*Exercise:* Repeat the listing below word for word, minus the pictures.
****
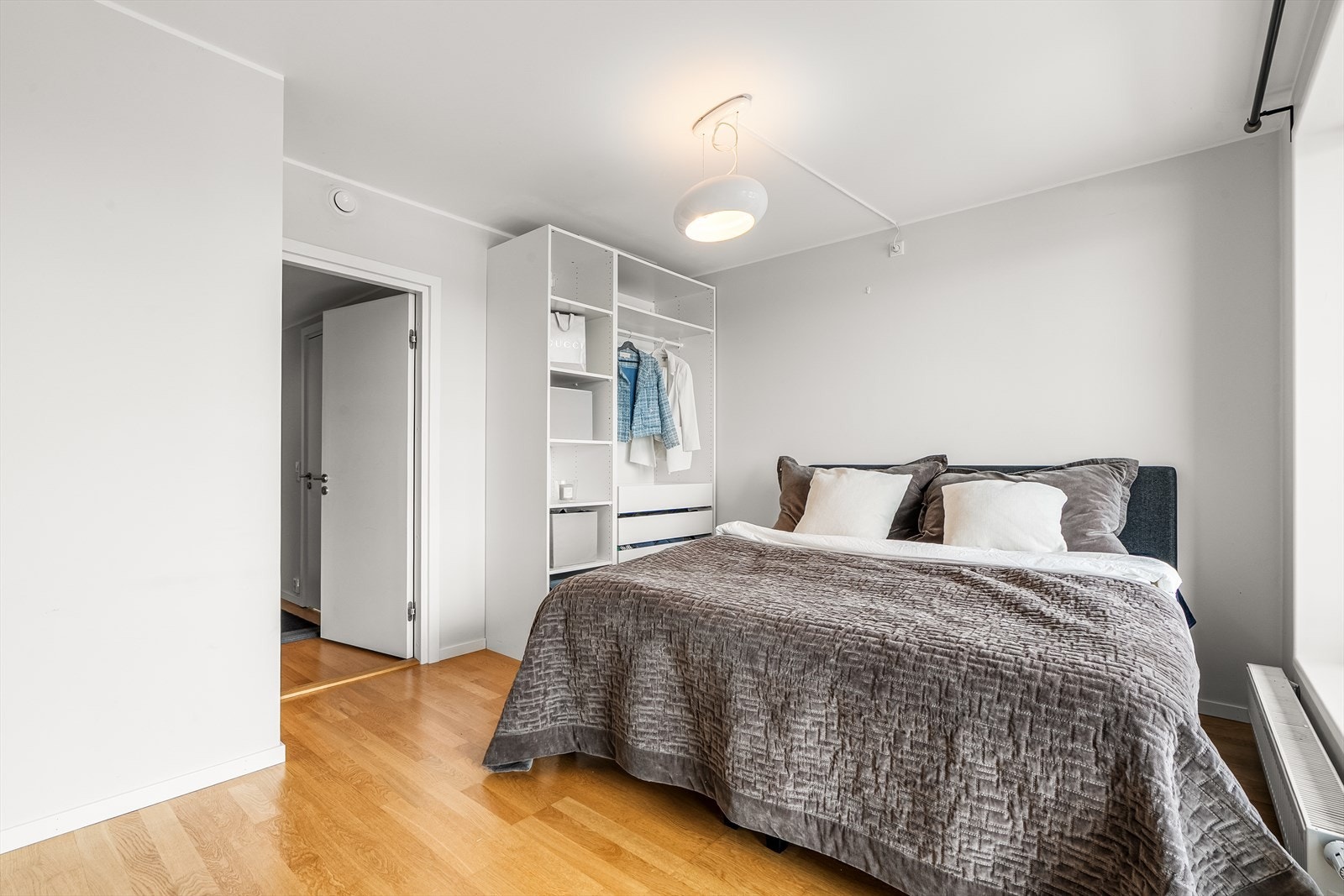 I tillegg er det god plass for å sette opp et garderobeskap. Galleribilde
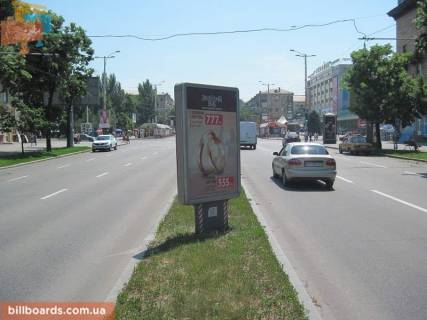 Citylight A in Zaporizhzhya Sobornij av. (kolis. Lenina av.) / Maakovs'kogo st. / Lermontova st., rozdil'nik, do vokzalu Photo 1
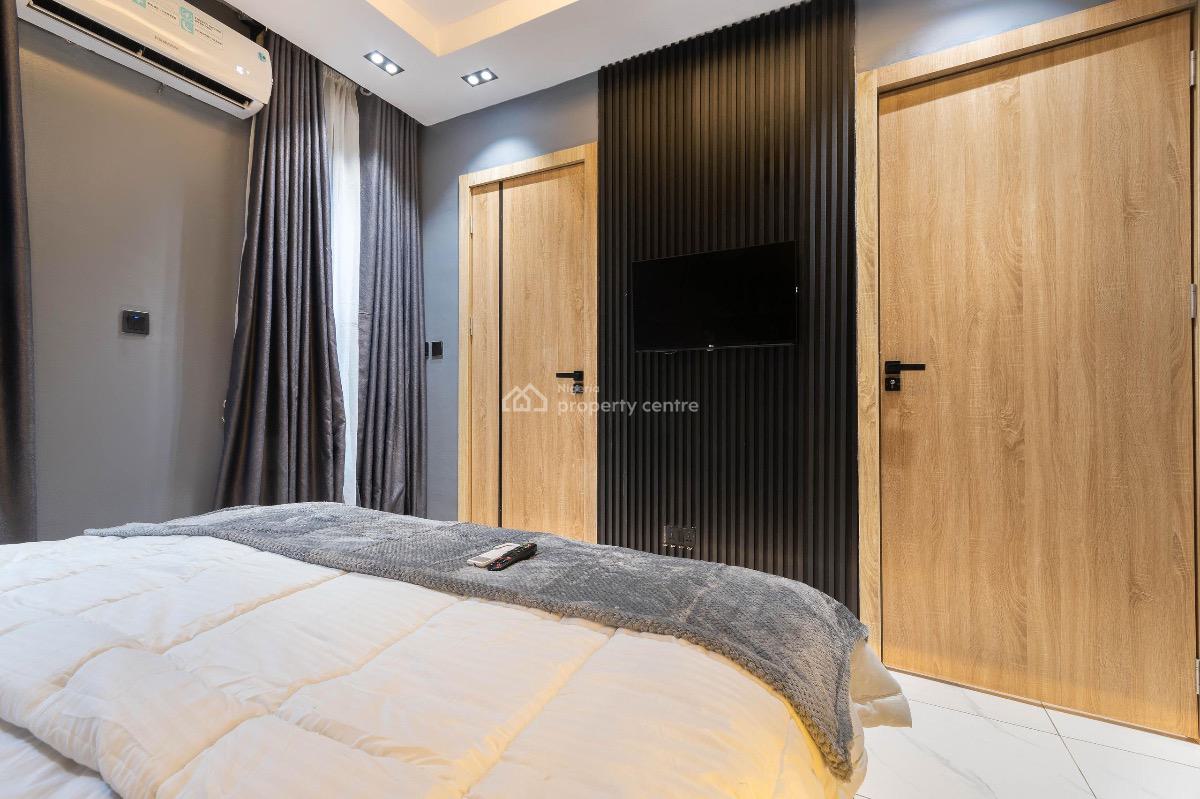 Alexa One Bedroom Apartment with Ps5 and Ceiling Mirror, Ologolo, Ologolo, Lekki, Lagos, Flat / Apartment Short Let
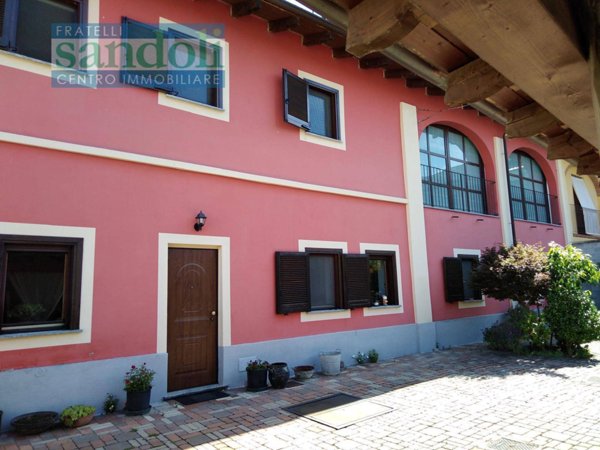 casa indipendente in vendita ad Asigliano Vercellese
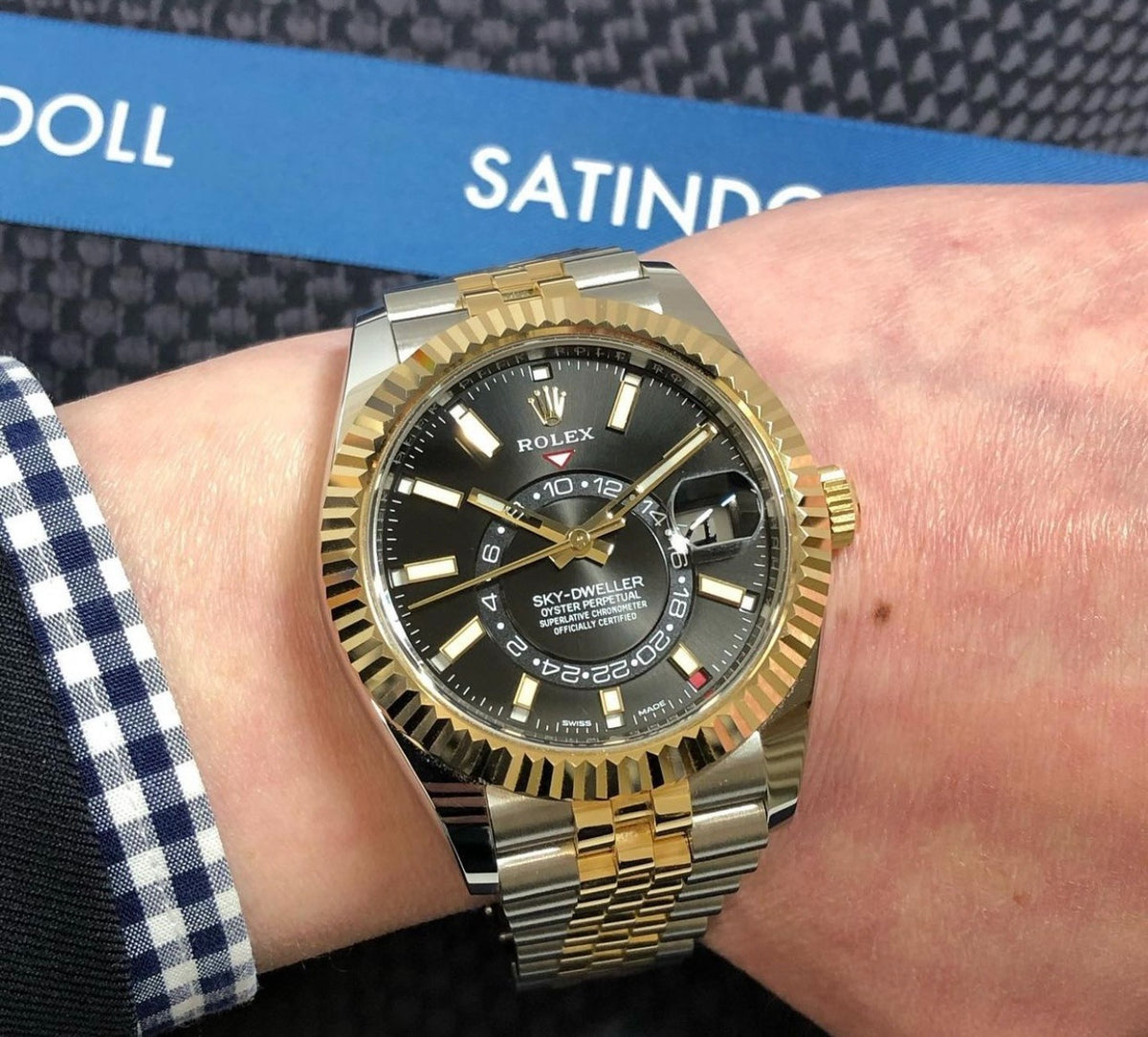 Rolex Sky-Dweller 326933 Steel & Yellow Gold Jubilee Bracelet Black Dial 2022 42Mm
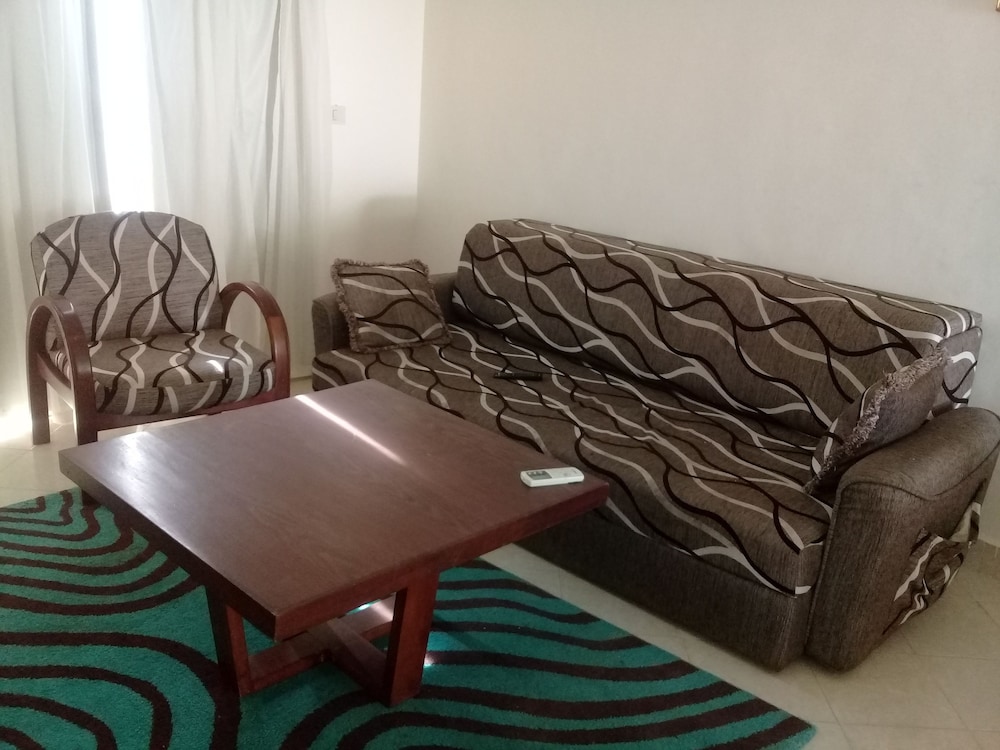 Carlton Luxury Resort 18/26
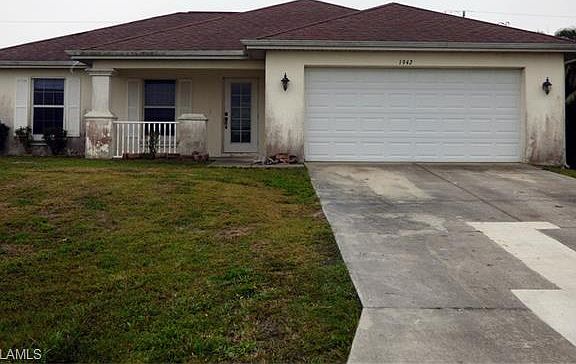 3rd image of 1942 NE 15th Ln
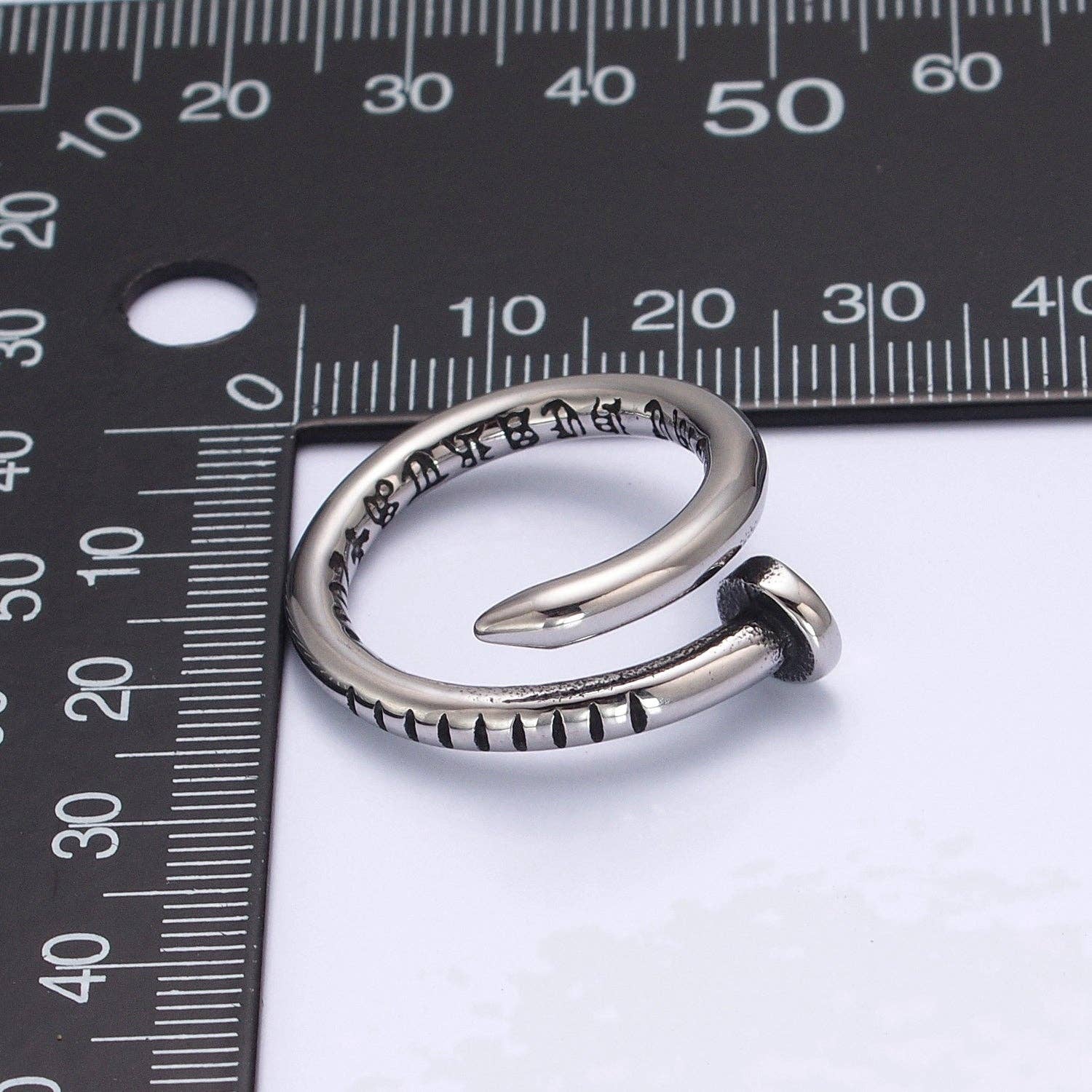 Aim Eternal - Wholesale Band/gestapelde ring - Antiek zilverkleurige ring voor mannen van roestvrij staal met spijkerdesign2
****
*Solution to the problem:*
 I tillegg er det god plass for å sette opp et garderobeskap. Galleribilde
 Citylight A in Zaporizhzhya Sobornij av. (kolis. Lenina av.) / Maakovs'kogo st. / Lermontova st., rozdil'nik, do vokzalu Photo 1
 Alexa One Bedroom Apartment with Ps5 and Ceiling Mirror, Ologolo, Ologolo, Lekki, Lagos, Flat / Apartment Short Let
 casa indipendente in vendita ad Asigliano Vercellese
 Rolex Sky-Dweller 326933 Steel & Yellow Gold Jubilee Bracelet Black Dial 2022 42Mm
 Carlton Luxury Resort 18/26
 3rd image of 1942 NE 15th Ln
 Aim Eternal - Wholesale Band/gestapelde ring - Antiek zilverkleurige ring voor mannen van roestvrij staal met spijkerdesign2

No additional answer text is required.